Throw Away Clothes Worn While Cleaning Mold?

David J. Allen

I spent the better part of 2 ½ years learning about mold and indoor air quality because my child's life depended on it. Now I help others avoid ever having to experience the same thing. The mold industry suffers from conflicting opinions and I do my best to distill loads of data into something practical and useful. I love hearing from and helping readers. • "A house desecrated by mildew, mold, or fungus would be a defiled place to live in, so drastic measures had to be taken." — Leviticus 14:45

While it’s very possible that your clothing may become contaminated while you’re cleaning mold, that doesn’t mean you need to get rid of the clothes. Not all mold removal jobs are the same, and there’s no guarantee that the fungus you’re attempting to clean will spread to what you’re wearing.

The thing is, there’s not usually an easy way to tell whether the clothes have been compromised or not. Mold spores are microscopic, so a visual inspection isn’t likely to provide any definitive answers—at least not before the mold has had time to grow.

So, when you clean mold in your home, the safest course is to always assume that your clothing is contaminated. Instead of throwing that comfortable hoodie in the dumpster, though, you can simply give it a thorough cleaning to remove any mold spores that may be present.

How do you remove mold from your clothing?

After you finish the mold cleaning task, you’ll want to wash the clothes you were wearing as quickly as possible. If spores have indeed spread to the clothing, then letting them linger will make it much more difficult to effectively clean them. In fact, if you let them sit around long enough, you may indeed end up needing to throw them away.

Plus, the mold may spread to other clothing items or surfaces in your home. You also won’t want to just throw the potentially-contaminated clothes in with a regular load of laundry, as that too could cause the fungus to spread.

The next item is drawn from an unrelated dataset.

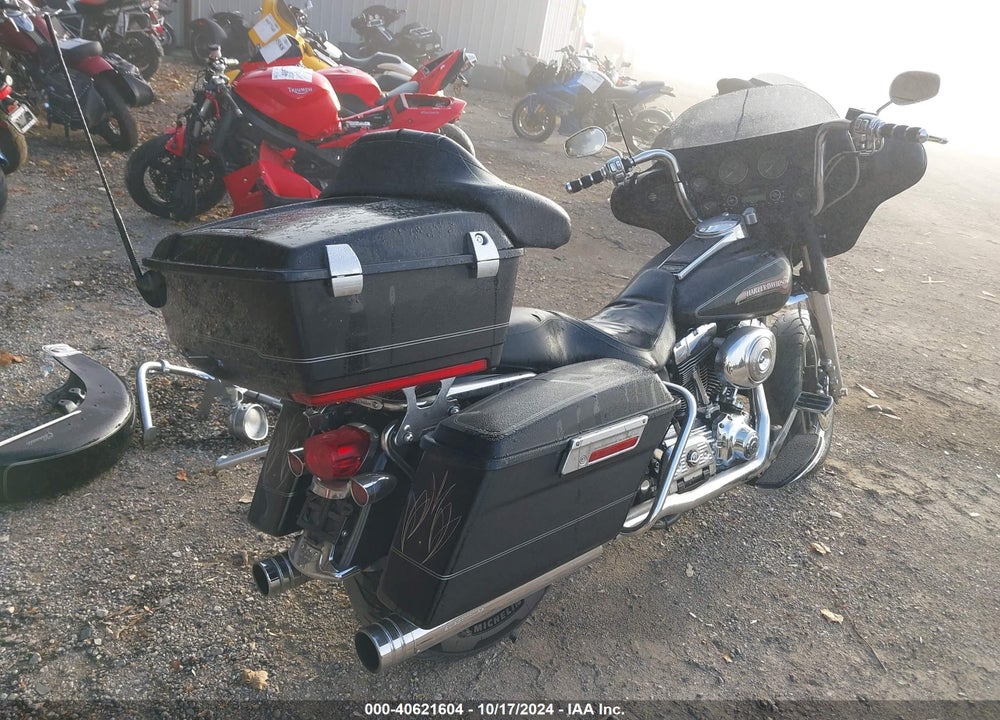 2006 HARLEY-DAVIDSON FLHTCI VIN: 1HD1FFW196Y648239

There are a few different effective methods that you can use to clean mold from clothing, and for the most part, they’re pretty similar. With each method, the first step is to rinse the affected clothes and soak them in a solution. Some people like to use a solution of non-chlorinated bleach and water. Other people prefer to use either Borax or white vinegar instead of bleach. All three are good options that should be able to get the job done. These are the recommended mixes for each solution:

  • Bleach Solution: One bucket of water with two cups of non-chlorinated bleach.
  • Borax Solution: One bucket of water with 1/2 cup of Borax.
  • Vinegar Solution: One bucket of water with one cup of white vinegar.

If you use the Borax or vinegar solution, you’ll want to let the clothes soak for about an hour. If you use bleach, they’ll only need to sit for five or ten minutes. After the clothing has soaked for the appropriate amount of time, your next step will be to scrub the fabric with a soft-bristled brush.

For this step, you should be wearing rubber gloves, goggles, and a face mask to prevent yourself from inhaling the spores. This step is especially important if the clothes have visible mold stains, but it’s a good idea to scrub the fabric all over for a few minutes either way.

After you’ve soaked and scrubbed your contaminated clothing, you’ll want to run it through the laundry using hot water and your standard detergent. If you like, you can add 1/2 tablespoon of baking soda to the wash to help deodorize the clothing. Although it’s fine to simply run the clothes through the dryer, the ideal method would be to let them dry naturally in direct sunlight.

Once the washing and drying are finished, give each clothing item a smell test and visual inspection to ensure that there’s no sign of contamination. Then, to minimize the chances that the fungus comes back, be sure to store the clothing somewhere dry and well-ventilated.

Can you prevent your clothes from getting contaminated in the first place?

If you’re thinking that that sounds like quite a bit of work and wonder if there is a way to prevent the clothing from being contaminated in the first place, the answer is yes.

If you don’t mind spending a bit of money, there are protective, disposable suits that you can purchase to wear over your clothes while working with mold. As long as the suit you’re using is high-quality, you shouldn’t need to worry about the clothes you’re wearing underneath ending up moldy.

Of course, the other way you can prevent your clothes from being contaminated is to let professionals handle the mold removal instead of doing it yourself. If you have a significant infestation in your home, it’s always a wise idea to let the experts take care of it.

If you don’t know the proper way to do the job correctly and safely, you may end up jeopardizing your health and/or accidentally spreading the fungus. When you hire mold remediation professionals, they’ll not only address your mold problem, but they’ll also help you prevent any future outbreaks.